Dames, see them rollin'

Dames%2C+see+them+rollin%26%23039%3B

In order for the Druid City Dames to take on opponents, they have to meet a certain number of requirements laid out by the Women’s Flat Track Derby Association. CW | Shelby Akin

Sam West

Feeding off the energy of the crowd, Lola pushed herself and finished her final lap just under the buzzer. The room filled with applause. She had surmounted the most difficult part of her training and was well on her way to being able to compete with Tuscaloosa’s only roller derby league.

This team, the Druid City Dames, is just a few months old. They lack a practice space of their own and have yet to be recognized by the Women’s Flat Track Derby Association, but they have the camaraderie and spirit of a group that’s been around for years.

“When they first started here, I went to the first meeting at Druid City [Brewery], and it was like finding 35 friends,” said Heidi Benstead, who goes by “Ebola Lola.” “You’re going to hear a lot of that – ‘Derby saved my life!’ But it’s the most amazing and positive group.”

The Dames were started by Megan Gunter, known on the rink as Valhallaback Girl. Before founding Tuscaloosa’s team, she commuted to Birmingham to be a part of their group, the Tragic City Rollers. She decided to gauge local interest in the sport on Facebook and received a surprising number of responses. Through social media, Gunter met Kelly Wolfe, also known as “Assault E. Senorita” or “Salty” for short, who now acts as the team’s coach.

Before the team can even think about taking on opponents, they have to meet a certain number of requirements laid out by the Women’s Flat Track Derby Association. These tests include the speed challenge Ebola Lola passed earlier in the night. Wolfe thus spends most of a practice drilling players on these skills.

“Even in the two months and a week and a half that we’ve been doing this, we can already see skill levels starting to expand from one level of the spectrum to the other,” she said.

As a coach, Wolfe strikes a balance between stern and friendly. She’s more comfortable skating than I am walking, gliding effortlessly between groups of women to correct their mistakes as well as encourage them.

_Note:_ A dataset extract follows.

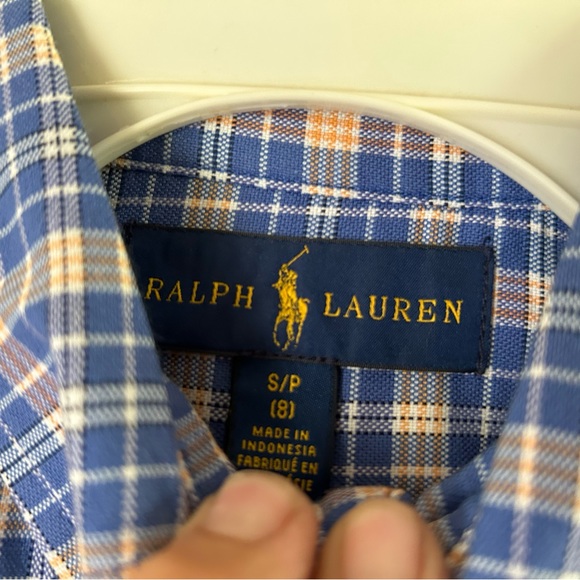Perfect condition! Boys Sz. 8 Ralph Lauren button- down collared shirt. - Picture 4 of 4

An important part of the sport’s culture are players’ roller derby nicknames. In practice and competition, a skater becomes her alter ego and doesn’t go by her street name at all. These handles are usually designed to be tough- or clever-sounding. A few other skaters I met had monikers like Apocalyptic J, Edgy Thrashgood, and Slaughterhouse V.

But for all its humor, competition roller derby has a surprisingly complex series of rules. It involves two teams of five: three blockers, one jammer and one pivot. You score points by having your jammer pass members of the opposing team. The blockers play both offense and defense, assisting the jammer and preventing the members of the other team from scoring.

Contrary to the popular belief, it’s not permitted to roughhouse or attempt to knock people over. You can bump a player’s side, but using your hands or elbows to hit is a foul.

“Everyone thinks of the 1970s movies, with violence, or they’ll think everyone wears tutus and fishnets and that’s really not the case,” said Julianne Davenport, also known as “Dolldemort.” Davenport is a non-skating official who is helping the Dames prepare to compete under regulation.

Violence might be a pop cultural myth, but roller derby is still a contact sport, and tumbling over seems to be common. Every Druid City Dame competes and practices in full protective gear. Players are also taught to jump and land while skating, so they can leap over fallen competitors during the heat of a match.

Davenport said she thinks that roller derby is popular because there are few competitive sports for women. To her, the game strikes the right balance between rivalry and friendship.

“It’s competitive for women, but it’s not tearing-you-apart competitive,” she said. “Really, how many organizations are for women to go out and be tough and still be cool with each other?”

However, the future of the Dames seems to be up in the air. They’re currently practicing at the YMCA, but at the end of the month, their space will be given over to local basketball, leaving the team without a home.

“We’re looking for a new location, and if we don’t find one… we’re going to have to be playing in parking lots,” said Gunter. “I always said, if we have to play in parking lots, we’ll play in parking lots.”

The team has begun the search for a new location, but hasn’t yet found the right one. Even in the worst case scenario that they have nowhere to turn, Wolfe still feels they’ve accomplished a lot during their time together.

“We have some girls who are stronger than they ever would have been if they had not started roller derbying,” she said. “They know how to be a part of a team, they know fitness, they know endurance… everybody’s much stronger for it.”

The group is still hopeful, however. Wolfe said that her dream scenario would be for the Dames to own their own space and be able to compete on the same level as Birmingham’s team.

“I want to be bigger than Birmingham,” she said. “We’re Tuscaloosa. We’re the Crimson Tide… we’re supposed to have the most awesome roller derby team in the state of Alabama. It’s just supposed to be that way.”